Your answer should hold only the lines from the one containing "Pontiac, no. 1-Stephen" through the last line below, copied exactly; pictures stay out.

▶ _THE DATA_:

..............................

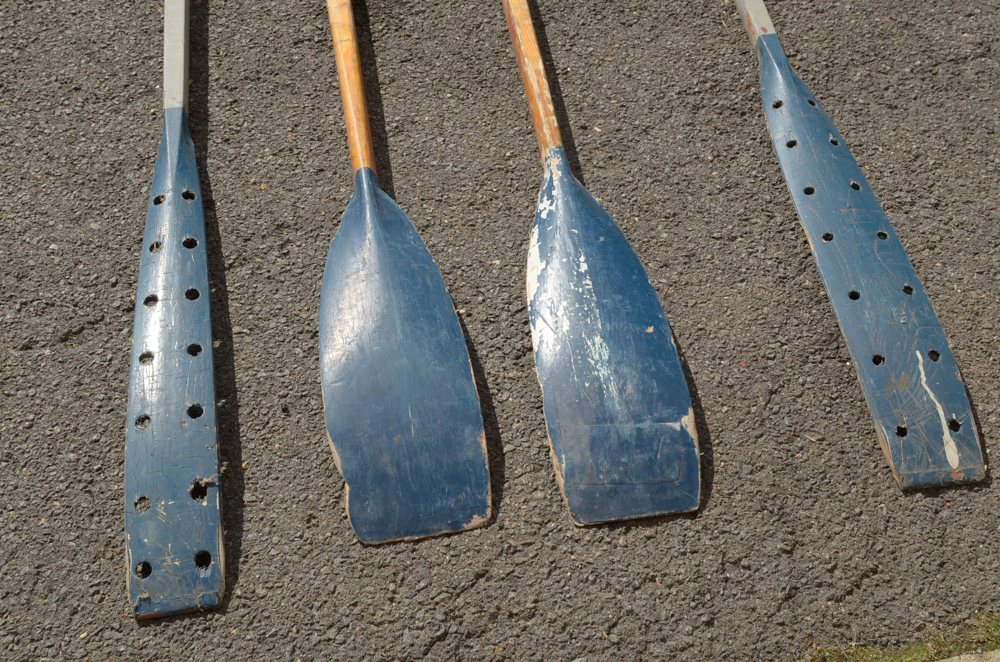 Group of Rowing Oars with Blue Blades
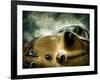 Pontiac, no. 1-Stephen Arens-Framed Photographic Print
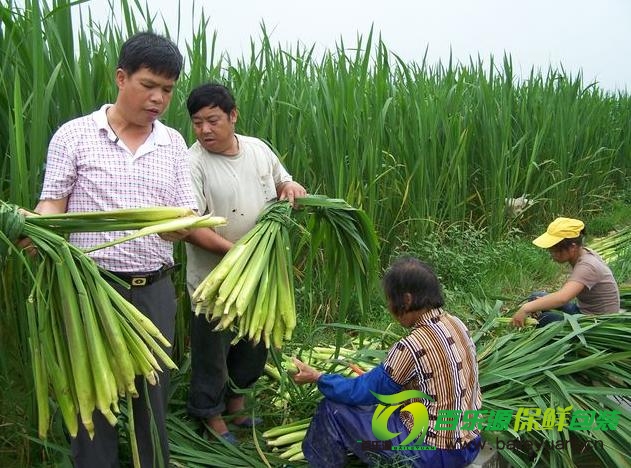 茭白營養(yǎng)價值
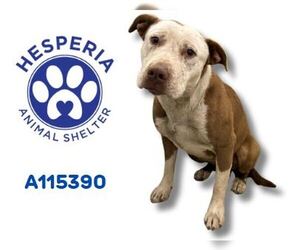 American Pit Bull Terrier-Unknown Mix Dogs for adoption in HESPERIA, CA, USA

..............................

▶ _WRITTEN ANSWER_:
 Pontiac, no. 1-Stephen Arens-Framed Photographic Print
 茭白營養(yǎng)價值
 American Pit Bull Terrier-Unknown Mix Dogs for adoption in HESPERIA, CA, USA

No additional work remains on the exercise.